En fin, si desprecio el reguetón, no es por ninguno de esos temas; es simplemente porque me parece mortalmente aburrido, hueco, simplón, repetitivo, sin virtuosismo, sin creatividad, incapaz de llevarme a lo sublime o contarme una historia, porque no me dice nada, no me fascina con su estructura, no me intriga con acertijos, no me despierta ni un asomo de curiosidad más allá del morbo de sus polémicas, no me reta a interpretarlo porque no le encuentro capas, no me desafía más que para ver cuánto soporto el suplicio de escucharlo.

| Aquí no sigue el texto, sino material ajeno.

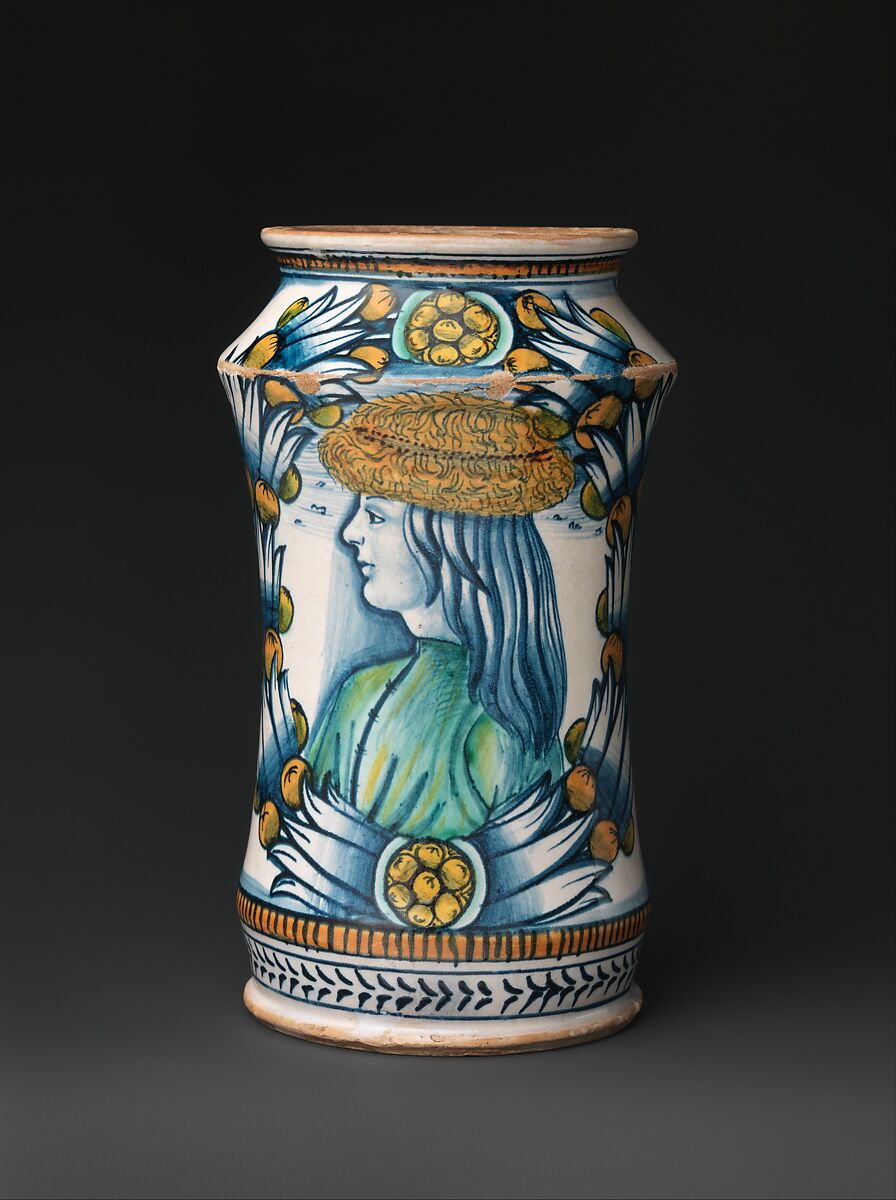 Storage Jar (Albarello), Maiolica (tin-glazed earthenware), Italian, Deruta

En fin, no me produce nada de lo que logran los otros tipos de música. El reguetón me sabe como una comida fea, básica, insalubre, sin condimento, sin matiz, como lo que uno cocinaba en sus primeros tiempos de apartamento de soltero. Admito llamarle música solo por el estricto hecho de ser una organización intencional de sonidos, pero me parece más música un chirrido intencional de latas. Si un perro junta tres ladridos en un mismo tono, ya eso es más música para mí que el reguetón. El infierno lo imagino como una eternidad haciendo trámites en una ventanilla del No Mundo, con reguetón de fondo y Donald Trump de jefe.
Por lo demás, no tengo nada en contra del reguetón.